▸ **RAW DATA**

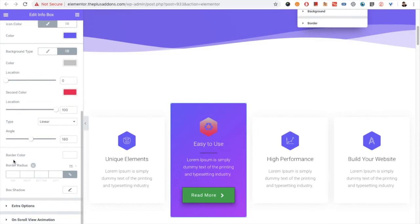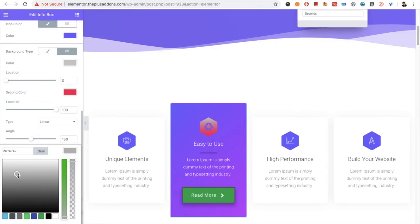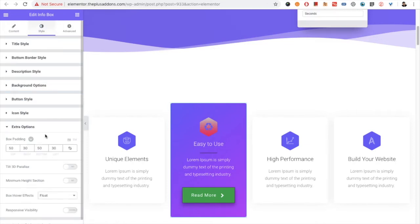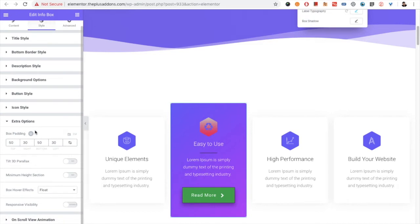You can choose a gradient as well — there are lots of possibilities. You can set up the gradient angle and everything. There is also a border color option so you can change the border color, along with border radius and box shadow options.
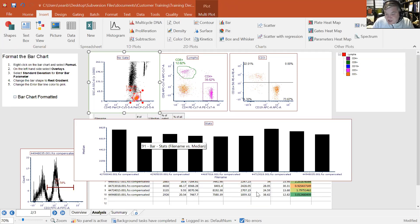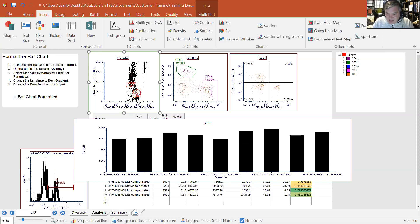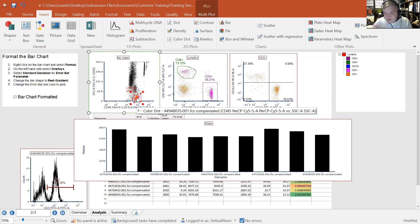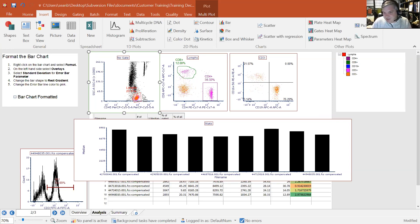To insert a bar chart, select the spreadsheet, go to the Insert tab, and choose Bar. When you draw the object, a bar chart is inserted with file names on the x-axis and all available parameters on the y-axis to pick from. Since bar charts are based on spreadsheets, which are based on the data, as you move a gate everything in those bar charts updates — you can review changes in real time without going back to Excel or Prism.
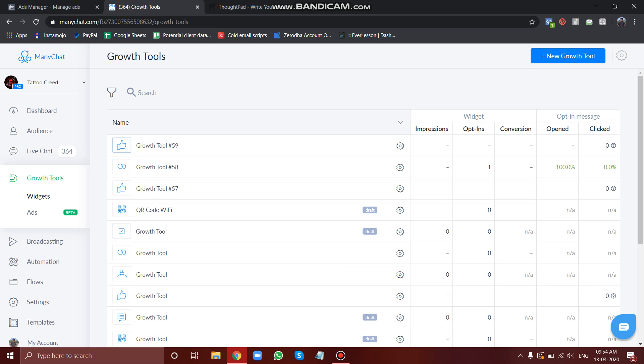Hey guys, welcome back. In this particular module we are going to talk about JSON growth tool and how we can connect the Facebook chatbot with our Facebook ad using this tool. So let's get started.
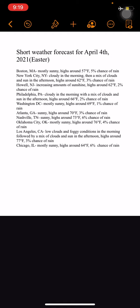Washington DC: mostly sunny, high of 69°F, 1% chance of rain. Atlanta, Georgia: sunny, high of 70°F, 3% chance of rain. Nashville, Tennessee, which is where I'm going April 5th through the 8th: sunny, high of 73°F, 6% chance of rain.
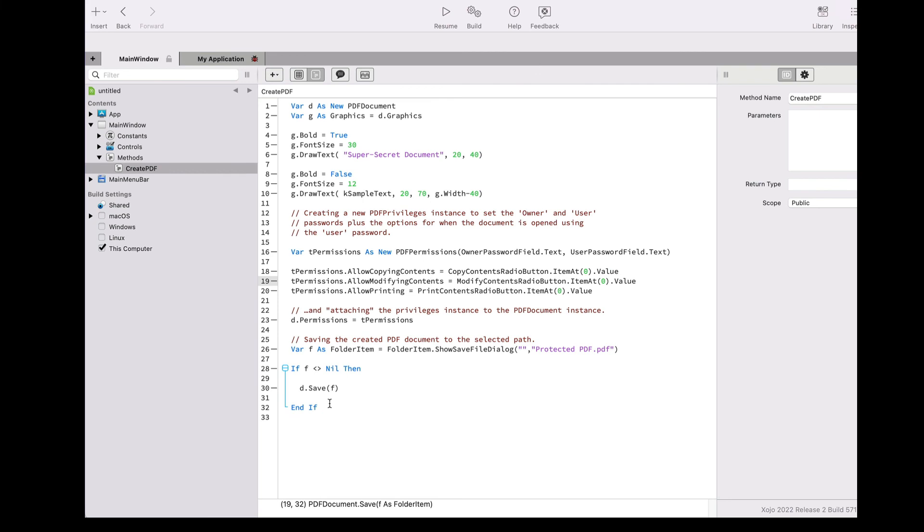This includes things like the text, images, annotations, the text set for the form controls, and even the actual metadata of the PDF document itself.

▸ **TASK STATEMENT**
Restate all of the material above word for word, excluding the pictures.

▸ **EXERCISE OUTPUT**
You can choose a gradient as well — there are lots of possibilities. You can set up the gradient angle and everything. There is also a border color option so you can change the border color, along with border radius and box shadow options.
To insert a bar chart, select the spreadsheet, go to the Insert tab, and choose Bar. When you draw the object, a bar chart is inserted with file names on the x-axis and all available parameters on the y-axis to pick from. Since bar charts are based on spreadsheets, which are based on the data, as you move a gate everything in those bar charts updates — you can review changes in real time without going back to Excel or Prism.
Hey guys, welcome back. In this particular module we are going to talk about JSON growth tool and how we can connect the Facebook chatbot with our Facebook ad using this tool. So let's get started.
Washington DC: mostly sunny, high of 69°F, 1% chance of rain. Atlanta, Georgia: sunny, high of 70°F, 3% chance of rain. Nashville, Tennessee, which is where I'm going April 5th through the 8th: sunny, high of 73°F, 6% chance of rain.
This includes things like the text, images, annotations, the text set for the form controls, and even the actual metadata of the PDF document itself.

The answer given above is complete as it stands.